Arnn provides the introduction to multiple courses and his quiet and calm demeanor expresses a man who knows that the narratives he is providing are in great danger of fading into history, but who also recognizes that at least attempting to pass them on is a duty. Even though there is a clear perspective in the courses he introduces, they feel like the exact opposite of indoctrination. In fact, at one point, he quite literally says, with a shrug, that he will join his students for another course “if the country still holds together.”

Hillsdale College sells a number of books, hats and gifts that are overpriced and unlikely to be consumed by anyone unfamiliar with conservatism. 

Despite the ascent of progressivism, it still costs an arm and a leg to enter a top four year university.

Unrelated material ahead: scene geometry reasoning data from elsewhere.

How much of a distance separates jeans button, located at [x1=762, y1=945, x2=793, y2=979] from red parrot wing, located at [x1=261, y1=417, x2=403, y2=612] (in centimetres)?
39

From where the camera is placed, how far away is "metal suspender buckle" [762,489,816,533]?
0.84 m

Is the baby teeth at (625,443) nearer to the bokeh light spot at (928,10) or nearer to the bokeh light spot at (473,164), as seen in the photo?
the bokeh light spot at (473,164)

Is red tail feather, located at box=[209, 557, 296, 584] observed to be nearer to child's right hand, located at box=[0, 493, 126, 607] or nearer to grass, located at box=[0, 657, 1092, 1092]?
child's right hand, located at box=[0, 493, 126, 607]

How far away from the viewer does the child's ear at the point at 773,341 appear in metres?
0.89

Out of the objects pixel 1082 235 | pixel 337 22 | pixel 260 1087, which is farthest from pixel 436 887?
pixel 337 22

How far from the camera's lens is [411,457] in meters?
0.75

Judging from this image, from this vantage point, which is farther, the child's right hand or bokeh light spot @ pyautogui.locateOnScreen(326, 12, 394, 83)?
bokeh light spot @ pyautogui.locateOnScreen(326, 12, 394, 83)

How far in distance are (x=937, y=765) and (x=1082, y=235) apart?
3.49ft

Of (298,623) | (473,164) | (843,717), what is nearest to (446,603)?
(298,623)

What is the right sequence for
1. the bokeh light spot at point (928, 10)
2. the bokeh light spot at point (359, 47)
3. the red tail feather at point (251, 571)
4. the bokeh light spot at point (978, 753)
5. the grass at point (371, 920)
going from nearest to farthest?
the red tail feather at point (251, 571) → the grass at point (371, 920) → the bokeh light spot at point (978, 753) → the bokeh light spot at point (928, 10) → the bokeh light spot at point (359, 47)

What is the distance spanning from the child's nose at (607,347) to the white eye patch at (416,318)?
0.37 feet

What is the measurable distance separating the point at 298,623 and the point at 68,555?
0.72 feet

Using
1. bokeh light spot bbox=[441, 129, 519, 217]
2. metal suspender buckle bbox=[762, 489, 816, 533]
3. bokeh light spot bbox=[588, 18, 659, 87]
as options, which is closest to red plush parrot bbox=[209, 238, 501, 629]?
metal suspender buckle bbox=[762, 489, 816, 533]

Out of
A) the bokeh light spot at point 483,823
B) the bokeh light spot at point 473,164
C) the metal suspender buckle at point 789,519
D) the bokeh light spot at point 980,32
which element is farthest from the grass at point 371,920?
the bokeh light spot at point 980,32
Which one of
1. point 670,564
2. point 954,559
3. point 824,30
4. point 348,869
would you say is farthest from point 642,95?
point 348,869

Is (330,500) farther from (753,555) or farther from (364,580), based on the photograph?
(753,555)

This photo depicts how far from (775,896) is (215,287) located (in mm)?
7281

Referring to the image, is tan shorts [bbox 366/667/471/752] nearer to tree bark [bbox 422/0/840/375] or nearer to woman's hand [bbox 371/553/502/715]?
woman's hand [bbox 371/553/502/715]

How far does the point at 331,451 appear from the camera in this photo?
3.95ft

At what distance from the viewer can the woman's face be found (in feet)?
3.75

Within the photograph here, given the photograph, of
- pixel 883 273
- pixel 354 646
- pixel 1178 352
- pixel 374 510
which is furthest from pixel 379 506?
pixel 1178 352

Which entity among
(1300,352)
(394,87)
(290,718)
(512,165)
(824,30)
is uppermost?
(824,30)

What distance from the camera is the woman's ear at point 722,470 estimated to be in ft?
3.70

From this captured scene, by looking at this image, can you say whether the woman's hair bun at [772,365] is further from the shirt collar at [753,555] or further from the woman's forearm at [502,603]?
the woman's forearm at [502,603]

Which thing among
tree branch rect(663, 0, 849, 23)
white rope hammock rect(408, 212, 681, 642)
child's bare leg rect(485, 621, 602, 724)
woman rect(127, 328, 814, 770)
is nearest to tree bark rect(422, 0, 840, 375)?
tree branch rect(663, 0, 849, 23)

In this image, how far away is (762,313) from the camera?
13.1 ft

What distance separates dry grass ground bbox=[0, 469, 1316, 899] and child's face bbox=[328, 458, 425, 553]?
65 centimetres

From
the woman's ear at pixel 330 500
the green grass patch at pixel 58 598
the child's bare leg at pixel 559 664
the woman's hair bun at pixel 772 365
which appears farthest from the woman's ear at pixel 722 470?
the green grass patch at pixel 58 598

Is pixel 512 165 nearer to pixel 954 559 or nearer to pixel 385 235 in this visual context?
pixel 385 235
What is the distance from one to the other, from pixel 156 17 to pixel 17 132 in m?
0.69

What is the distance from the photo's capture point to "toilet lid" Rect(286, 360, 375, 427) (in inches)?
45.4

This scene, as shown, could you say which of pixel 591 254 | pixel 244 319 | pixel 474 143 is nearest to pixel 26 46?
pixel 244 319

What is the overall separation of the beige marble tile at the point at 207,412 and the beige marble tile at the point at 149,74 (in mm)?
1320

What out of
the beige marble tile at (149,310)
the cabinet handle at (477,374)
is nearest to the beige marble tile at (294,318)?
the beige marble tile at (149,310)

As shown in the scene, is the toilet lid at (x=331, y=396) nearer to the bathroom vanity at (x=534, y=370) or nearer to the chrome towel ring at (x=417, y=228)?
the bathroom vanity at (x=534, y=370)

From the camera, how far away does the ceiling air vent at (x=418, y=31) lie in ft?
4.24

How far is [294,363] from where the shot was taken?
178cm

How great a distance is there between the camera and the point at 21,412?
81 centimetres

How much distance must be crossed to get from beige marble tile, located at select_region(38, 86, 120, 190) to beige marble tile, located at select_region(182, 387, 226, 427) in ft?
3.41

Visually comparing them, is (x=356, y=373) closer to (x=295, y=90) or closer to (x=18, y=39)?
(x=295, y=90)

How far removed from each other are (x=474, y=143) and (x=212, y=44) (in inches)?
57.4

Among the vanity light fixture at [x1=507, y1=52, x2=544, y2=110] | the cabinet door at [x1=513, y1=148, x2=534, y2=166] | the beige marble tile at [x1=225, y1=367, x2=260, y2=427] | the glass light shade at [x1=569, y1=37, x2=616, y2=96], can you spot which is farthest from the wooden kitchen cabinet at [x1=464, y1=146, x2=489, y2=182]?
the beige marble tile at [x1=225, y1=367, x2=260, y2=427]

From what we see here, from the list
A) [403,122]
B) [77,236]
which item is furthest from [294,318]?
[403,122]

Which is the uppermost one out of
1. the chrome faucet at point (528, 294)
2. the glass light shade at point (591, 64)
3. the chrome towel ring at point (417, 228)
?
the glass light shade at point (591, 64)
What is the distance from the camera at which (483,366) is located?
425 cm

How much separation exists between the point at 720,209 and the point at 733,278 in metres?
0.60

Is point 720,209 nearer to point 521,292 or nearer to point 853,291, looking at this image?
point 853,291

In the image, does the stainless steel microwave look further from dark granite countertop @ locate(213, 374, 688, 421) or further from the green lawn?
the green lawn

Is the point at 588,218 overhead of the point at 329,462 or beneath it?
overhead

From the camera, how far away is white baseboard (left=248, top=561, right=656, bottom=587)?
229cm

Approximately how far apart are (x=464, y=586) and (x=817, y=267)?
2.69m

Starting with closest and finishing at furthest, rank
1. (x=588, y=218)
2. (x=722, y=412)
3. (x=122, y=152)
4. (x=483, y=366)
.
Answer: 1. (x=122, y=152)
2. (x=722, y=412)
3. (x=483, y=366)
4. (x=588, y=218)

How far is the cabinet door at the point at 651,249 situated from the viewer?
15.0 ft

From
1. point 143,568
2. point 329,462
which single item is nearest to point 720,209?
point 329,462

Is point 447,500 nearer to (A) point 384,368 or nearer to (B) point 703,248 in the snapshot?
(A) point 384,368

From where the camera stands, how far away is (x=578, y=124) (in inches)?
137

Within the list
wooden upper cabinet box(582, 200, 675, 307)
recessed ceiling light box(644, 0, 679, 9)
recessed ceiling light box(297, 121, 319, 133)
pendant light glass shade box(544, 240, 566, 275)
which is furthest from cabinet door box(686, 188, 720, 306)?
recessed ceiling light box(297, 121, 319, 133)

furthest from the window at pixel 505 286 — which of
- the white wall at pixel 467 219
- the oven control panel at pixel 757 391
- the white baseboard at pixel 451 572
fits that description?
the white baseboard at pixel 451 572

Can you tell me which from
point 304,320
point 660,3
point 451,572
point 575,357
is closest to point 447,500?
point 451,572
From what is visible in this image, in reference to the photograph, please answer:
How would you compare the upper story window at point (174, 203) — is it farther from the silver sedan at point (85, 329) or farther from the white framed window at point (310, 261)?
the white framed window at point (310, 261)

One has to play the right kind of victim in order to apprehend a top scholarship, and constantly pitch themselves. These free courses flip the script on equity. They provide an opportunity, in the midst of a progressive climate, to flip the script on multiple historical narratives.

Another pot shot at the leftist narrative in universities could be a course on post-USSR. How did Francis Fukuyama, who predicted the worldwide ascent of Western democracy in The End of History and the Last Man, end up wrong as millionaires looted the Soviet treasury in the 1990s and then most of the Soviet institutions were recreated under the cover of Eurasianism in the 2000s and 2010s? 

The outsider position of conservatism in 2021 provides a great opportunity for heterodoxy and rebellion. In its journal Imprimis, Hillsdale College boasts that over two million students have taken their online courses.

“We have learned a lot from producing online courses for the public over the past decade, and over two million citizens have taken one or more of them. Soon we plan to start a master’s degree program in classical education, and we will have an online component to that as well.”